I’m really sorry he’s doing that to you (and his grandchildren), but I think in this situation you can hold your head up and know that YOU are doing what you can and the stubbornness/inability to forgive is a one-sided thing. You have let him know that he is welcome to be part of your lives — even going so far as to protect his feelings at social gatherings that he has not even been present at — but hey, there HAS to be a statute of limitations for how long he’s allowed to ignore you, consequence free. While he may not envision the birth father scenario, he’s got to know that most human beings will give up and stop trying eventually, and the invites will simply stop coming. If he doesn’t realize that, well. Tough love time, buddy.
Invite them both. If your father does surprise you and RSVP, then…yes, time to pick up the phone and let him know that the family dynamic has shifted in recent months/years (or however long the snubbing has been going on) and that your birth father will be in attendance. If he’s angry, let him know that you’ve indeed avoided inviting your birth father out of respect so far, but since he couldn’t even be bothered to RSVP to your child’s birthday party, you felt it was no longer fair to exclude someone else on his behalf anymore. I’m guessing he won’t take it well, which…will suck, but it will be one of those sucky situations where you at least have the benefit of knowing that it’s really, REALLY not your fault. You simply are stuck with one of those adults in your life who refuses to sack up and ACT like the adult in your life. (Most of us know one or two of those, amirite, peanut gallery?)
I suppose the ONLY reason, perhaps, to give your dad one last shot at being the sole dad-figure invite for this party is if you at all suspect some shenanigans going on with previous invites.
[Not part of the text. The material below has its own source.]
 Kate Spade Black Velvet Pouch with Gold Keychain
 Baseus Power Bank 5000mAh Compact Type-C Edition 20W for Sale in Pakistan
Like, his wife is the one with the Real Problem With You and is intercepting the mail, and the invites haven’t been personally extended TO HIM, via direct contact on the phone or email or Facebook. (Which…really, other than the phone, it’s also possible that invites can get mysteriously deleted or lost with those other options.)
And if you really, REALLY dread the thought of having that hypothetical post-RSVP conversation with him about your birth father, to the point that you’ll be consumed with guilt and anxiety up until the day of the party in case Dad surprises you and shows up, confronting him before the party might be…well, not easier, but maybe preferable. Send an invite with a set RSVP date, and then call him directly the day after. If he says he’s not coming, you can either 1) say “okay, good to know” before hanging up and thus feeling free to extend the invite to your birth father guilt- and anxiety-free, or 2) force the issue and ask if he’d rather you simply stop trying to include him. Like, “Dad, seriously. What the hell? How long are you planning to have things continue like this? Is this really the relationship you want, for good?”
I don’t even think you’d need to bring up your birth father in this conversation — it’s more about finally figuring out where your relationship with HIM stands. If he protests and swears that oh noooooo, he was totally not snubbing you all those times he was actually totally snubbing you, and really WANTS to be a grandpa and blah blah BS cakes, then…well. I still think your birth father more than deserves to be included, and your dad will need to get over that too, in addition to whatever grudge he’s still carrying around. A tall order, yes, but seriously, I fail to see any reason why a grown-up can’t be expected to ACT LIKE A GROWN-UP. And getting over yourself and seven-year-old spats and hurt feelings is a big part of acting like a grown-up, as is seeing and understanding the benefits of healing old family fractures and wounds for the sake of the newest generation.